● What needs to be done
When you copy from the entries that follow, take only the lines from the one with "Gel - Vibrador" down to the one with "Мировой стандарт Coperion_", keeping both ends and dropping every picture.

● Dataset content
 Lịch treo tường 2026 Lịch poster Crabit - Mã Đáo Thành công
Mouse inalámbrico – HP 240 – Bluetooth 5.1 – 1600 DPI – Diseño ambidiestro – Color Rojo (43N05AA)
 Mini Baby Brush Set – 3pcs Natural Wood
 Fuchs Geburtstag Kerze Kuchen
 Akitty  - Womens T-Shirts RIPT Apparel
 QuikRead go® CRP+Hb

==

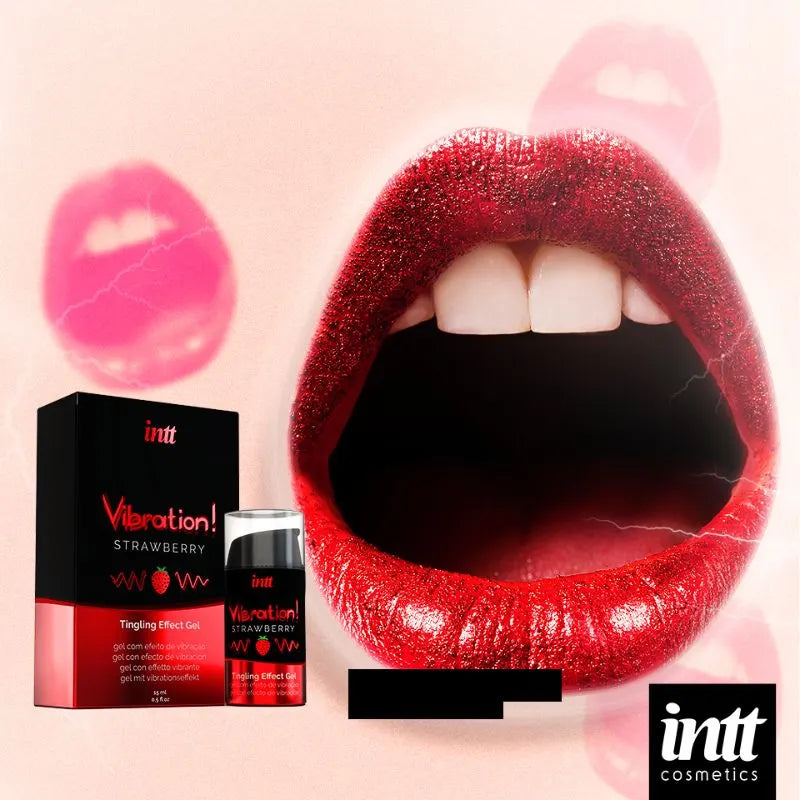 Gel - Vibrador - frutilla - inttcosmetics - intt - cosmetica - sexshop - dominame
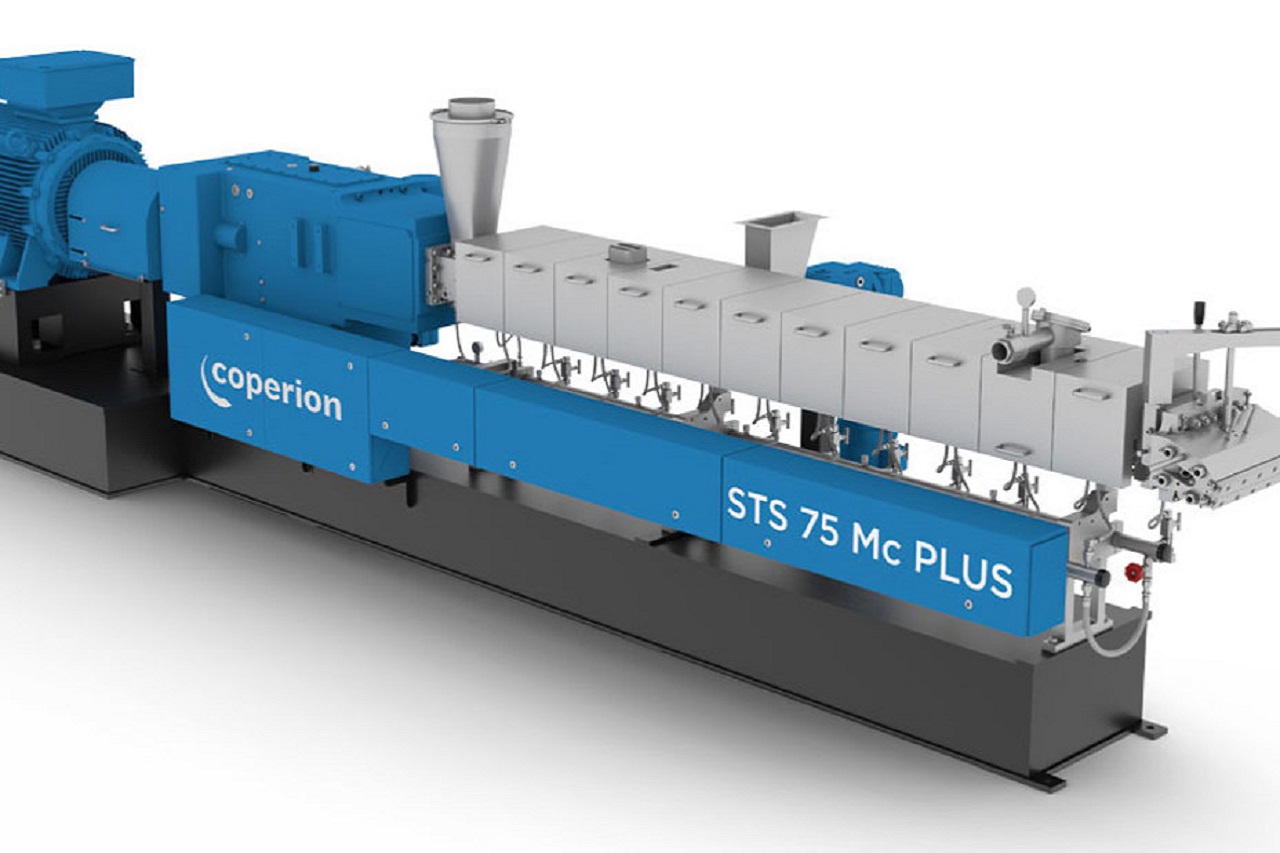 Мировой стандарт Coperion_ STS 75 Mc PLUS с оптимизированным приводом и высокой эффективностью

==

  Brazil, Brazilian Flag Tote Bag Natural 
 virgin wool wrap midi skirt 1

● Response
 Gel - Vibrador - frutilla - inttcosmetics - intt - cosmetica - sexshop - dominame
 Мировой стандарт Coperion_ STS 75 Mc PLUS с оптимизированным приводом и высокой эффективностью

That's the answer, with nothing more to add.